## Exercise details
For the lines from the one with "Rodney Hood to" to the end of the listing below, both ends included, give an exact copy and nothing more. Do not copy pictures.
---
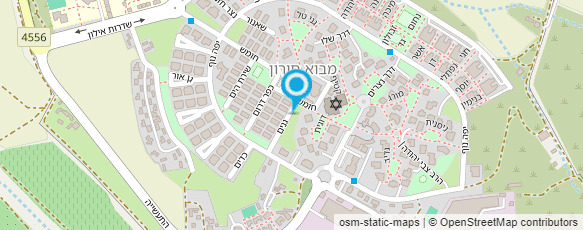 מפת הגעה אל סטודיו בורלא - ורד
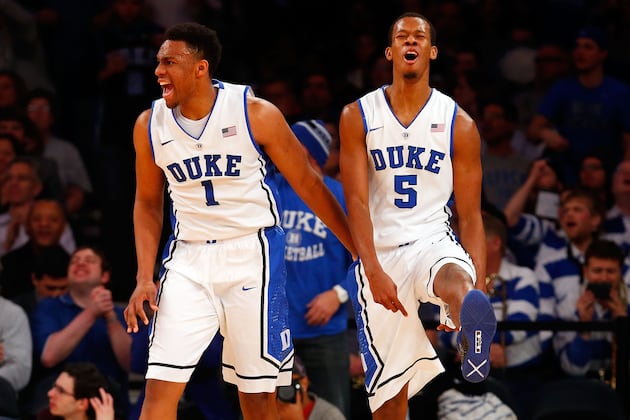 Rodney Hood to Compete at NBA Draft Combine, Jabari Parker Will Not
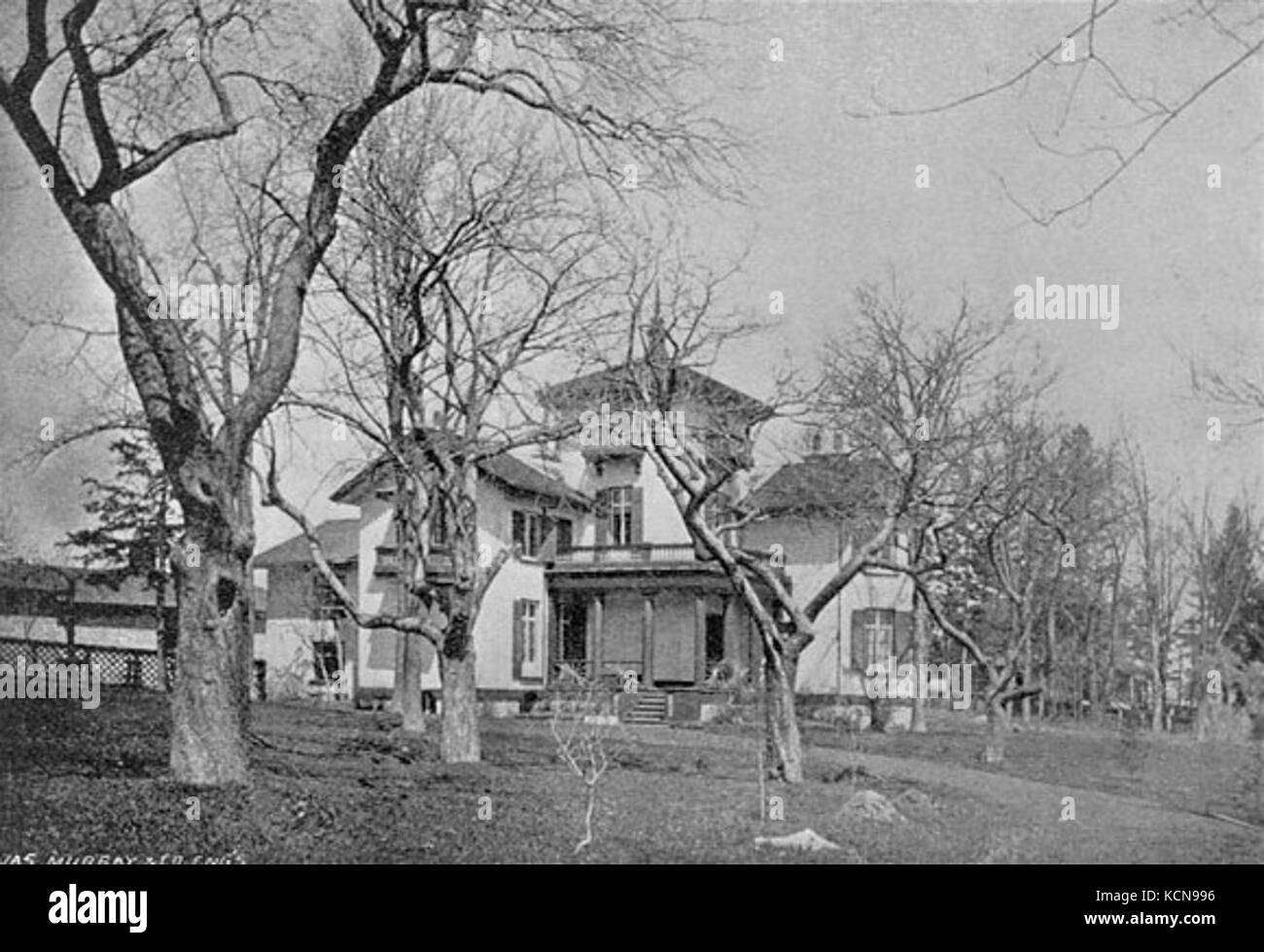 Bellevue circa 1891 Stock Photo - Alamy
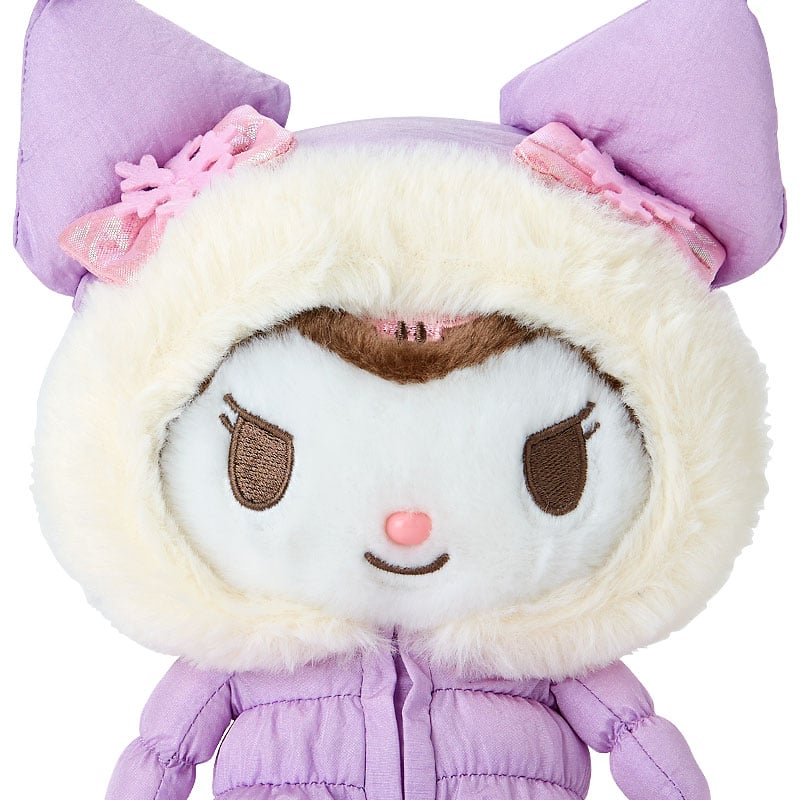 Kuromi 6&quot; Plush (Winter Snowsuit Series) Plush Japan Original   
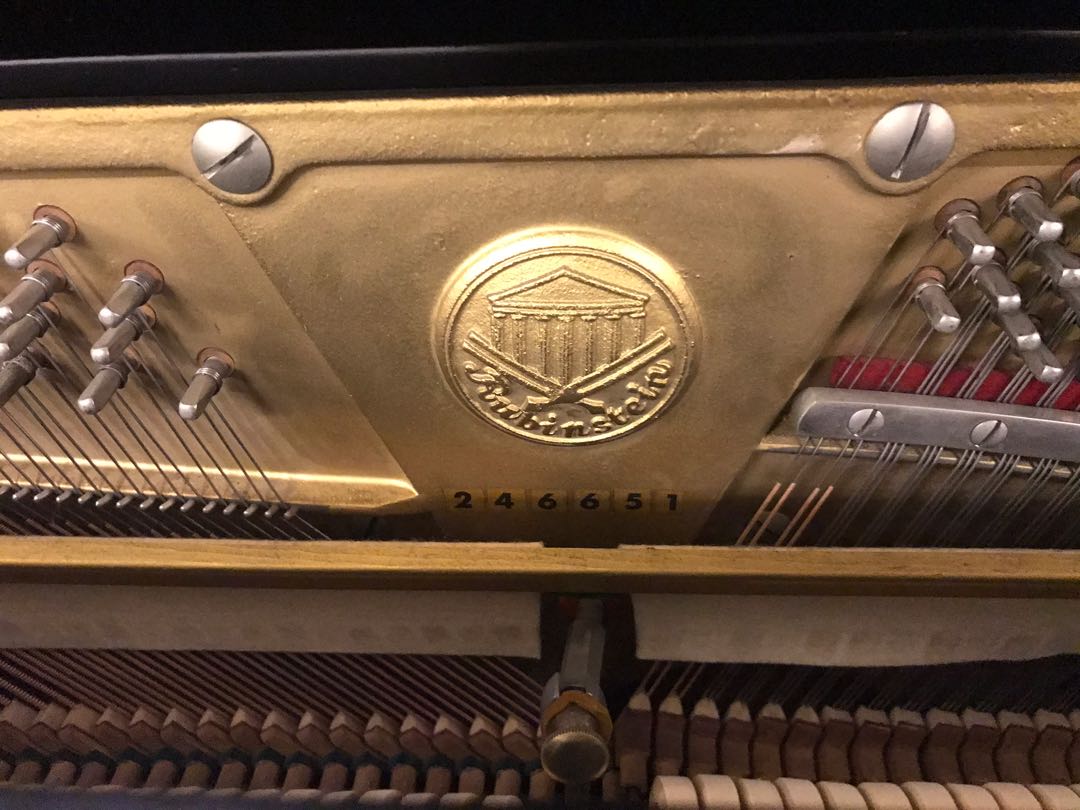 rubinstein upright grand piano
---
## Finished exercise
 Rodney Hood to Compete at NBA Draft Combine, Jabari Parker Will Not
 Bellevue circa 1891 Stock Photo - Alamy
 Kuromi 6&quot; Plush (Winter Snowsuit Series) Plush Japan Original   
 rubinstein upright grand piano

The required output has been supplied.